Несколько лет тому назад я попытался дать нечто вроде резюме своих встреч. Вышел достаточно связный текст, около 60 страниц машинописи. Но что-то в нем было потеряно: неповторимое состояние, в котором писался именно тот или иной отклик. Мне кажется, встреча личности с личностью больше дает читателю, ищущему собственной встречи с Достоевским, чем внешняя научная строгость. Во всякой логичной концепции Достоевского или другого гения гений этот несколько теряется. В гении непременно есть восстание против системы. И есть своя ценность в попытке подойти к творческой личности несколько раз с разных точек зрения, не сглаживая различий (в оценке Ставрогина или Кириллова, например).

Первая моя встреча с Достоевским была взрывом восторга. Восторга мысли, выпущенной из клетки готовых обязательных решений в воздух открытых вопросов. Восторгаться Достоевским тогда (в 1939 году) было не принято, а настаивать на преимуществах открытого вопроса – прямой политической ошибкой. Руководитель семинара, Н. А. Глаголев, пытался удержать меня от прыжка в пропасть, ссылаясь на Щедрина, Горького, Ленина. Я (в том же восторге) объяснил, что Щедрин, Горький и Ленин, по разным историческим причинам, видели только темные стороны Достоевского и не заметили его света. Уравновешивая негативные цитаты, привел позитивную: социалистические убеждения не помешали Розе Люксембург любить Достоевского.
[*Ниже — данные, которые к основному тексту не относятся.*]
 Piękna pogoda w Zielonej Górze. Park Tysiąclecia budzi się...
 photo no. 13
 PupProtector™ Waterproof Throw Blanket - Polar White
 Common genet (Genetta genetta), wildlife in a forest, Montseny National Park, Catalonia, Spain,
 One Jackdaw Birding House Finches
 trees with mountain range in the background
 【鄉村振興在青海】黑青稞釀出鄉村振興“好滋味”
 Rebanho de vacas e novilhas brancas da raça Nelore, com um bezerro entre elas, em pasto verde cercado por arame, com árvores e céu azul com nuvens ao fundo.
Время было серьезное; Николай Александрович решил перестраховаться: обсудить мою ересь на кафедре. Заседание состоялось в мае 1939 года под председательством А. М. Еголина. Впоследствии он попадал в некрасивые истории: был назначен в Ленинград, проводить в жизнь постановление о Зощенко и Ахматовой; а в 50-е годы попался в качестве одного из постоянных клиентов подпольного публичного дома. Человек он был, впрочем, скорее добродушный: утвердил оценку «4» за доклад; взглянул сквозь пальцы на то, что с заседания кафедры я вышел, хлопнув дверью; а через месяц, принимая экзамен по русской литературе второй половины XIX века, ограничился одним вопросом:

– Почему вам не нравится роман «Что делать?»?

– Он очень скучный!

– Но «Обломова» тоже скучно читать...

– Что вы! – воскликнул я в ответ и прочел дифирамб эпическому стилю Гончарова. Александр Михайлович послушал меня минуты три, взял зачетку и поставил оценку «5». В нем не было никакой мстительности. Просто рычаг.
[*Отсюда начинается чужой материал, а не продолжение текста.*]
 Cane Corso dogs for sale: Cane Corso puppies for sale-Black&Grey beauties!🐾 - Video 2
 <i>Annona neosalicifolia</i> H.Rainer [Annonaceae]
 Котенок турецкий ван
В мае 1939 года господствовала усталость от казней, Берия демонстрировал либерализм, и меня очень мягко, либерально отстранили от аспирантуры. Но не забыли скандала. Десять лет спустя следователь, старший лейтенант Стратонович, добивался от меня признания, что давняя курсовая работа была не только антимарксистской, а прямо антисоветской.

Еще десять лет спустя редактор «Вопросов литературы», увидев мою фамилию, приказал выбросить уже набранную рецензию на две фрейдистские книжки о Гоголе. Пришлось бросить попытки печататься в журнале и уйти в востоковедение.

Текст, вызвавший скандал, уцелел. Я привожу несколько выдержек в «Открытости бездне». Развернутое сравнение Достоевского с Толстым было повторено в «Направлении Достоевского и Толстого», поэтому возвращаться к первоначальному наброску не имело смысла. «Направление Достоевского и Толстого» – рудимент моей диссертации, почти законченной в 1946 году, потом заброшенной и наконец, в 1950 году, сожженной как «документ, не относящийся к делу». Как только представилась возможность, в 1954 году, я восстановил по памяти самое интересное. В том числе – заметки об ускоренном развитии европеизированных литератур. Некоторые аналогичные идеи были высказаны Г. Д. Гачевым, занимавшимся историей болгарской литературы. Думаю все же, что «Направление Достоевского и Толстого» сохраняет свою ценность.[1]